Why Governor General's Literary Award winner Jillian Tamaki decided to write her first-ever picture book

They Say Blue won the $25,000 Governor General's Literary Award for children's literature — illustration.
They Say Blue is Jillian Tamaki's first picture book. (Groundwood/Reynard Li)

Jillian Tamaki has been creating comics for adults and teens for over a decade, collecting the literary world's top prizes — Eisner Awards, Caldecott Honors and Governor General's Literary Awards — along the way. Her first picture book, They Say Blue, explores colour and perception through the eyes of a young girl. It won Tamaki her second Governor General's Literary Award and was described by judges as a "sweeping, joyous book" that "makes one's heart sing."

Tamaki previously won the Governor General's Literary Award in 2014 for her illustration work in This One Summera YA graphic novel written by her cousin Mariko Tamaki. On the day her second win was announced, the Calgary-raised and Toronto-based artist spoke to Doug Dirks on the CBC Radio show The Homestretch.

A new challenge

"They Say Blue is a meditation about the ways we move through the world. It's about our perception and how that's coloured by what we know, what we don't know, how we feel, what people have told us and questioning some of those things. It's about exploration and observation, which kids are very good at.

"The picture book form is a storied, classic form. I work in comics and graphic novels and that's a pretty new-ish form. As an illustrator, technically speaking, [the picture book] was a form I was intrigued by and wanted to try. With every new book and new demographic that you make stuff for, you engage with that reader. I was up for that challenge of talking to a different audience."

An interior image from They Say Blue by Jillian Tamaki. (Jillian Tamaki/Groundwood Books)

Working collaboratively vs. independently

"This win is different, mostly because the books I have done before that have won or been nominated for Governor General's Literary Awards have been with my cousin and they've been collaborations.

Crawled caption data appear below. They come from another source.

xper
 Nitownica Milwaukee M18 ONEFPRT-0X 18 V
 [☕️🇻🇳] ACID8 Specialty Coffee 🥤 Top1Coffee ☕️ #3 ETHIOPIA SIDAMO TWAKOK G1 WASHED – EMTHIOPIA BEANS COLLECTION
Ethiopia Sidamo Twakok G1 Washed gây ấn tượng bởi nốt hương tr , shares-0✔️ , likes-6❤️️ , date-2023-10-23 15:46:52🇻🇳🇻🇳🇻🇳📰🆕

When you work with somebody else, there's an alchemy that happens. Your contribution and their contribution mix to make something you couldn't have done on your own. When you're working on your own book, you are responsible for all its successes and failures."

The comics boom

"Comics and illustration has just exploded in the last 15 years. I graduated from the Alberta College of Art of Design in 2003. When I first started making comics, they were just for me. I was trying to understand how to make art. Eventually I got into the indie comics scene and was talking to other creators and artists in the underground niche culture it was back then. It's grown in popularity and I've been lucky that my career has coincided with that. I couldn't even imagine how popular it would become. Now I'm talking to a wider group of people, including kids, and that's a big challenge to get out of your comfort zone and talk to people who are less and less like you."

What's next

"I'm doing more kids books. I'm definitely going to do more comics for adults and teenagers, but I'm in that picture book mode. It's such a puzzle. It's a very defined form in terms of size and number of pages, so it's very puzzle-like and I'm very intrigued by it. I'm focusing on that for now."

Calgary-raised and Toronto-based artist Jillian Tamaki received the 2018 Governor General's Literary Award for young people's literature — illustrated books for her first picture book They Say Blue. She won the prize previously in 2014 for the graphic novel This One Summer, written by Mariko Tamaki. 7:56

Jillian Tamaki's comments have been edited for length and clarity.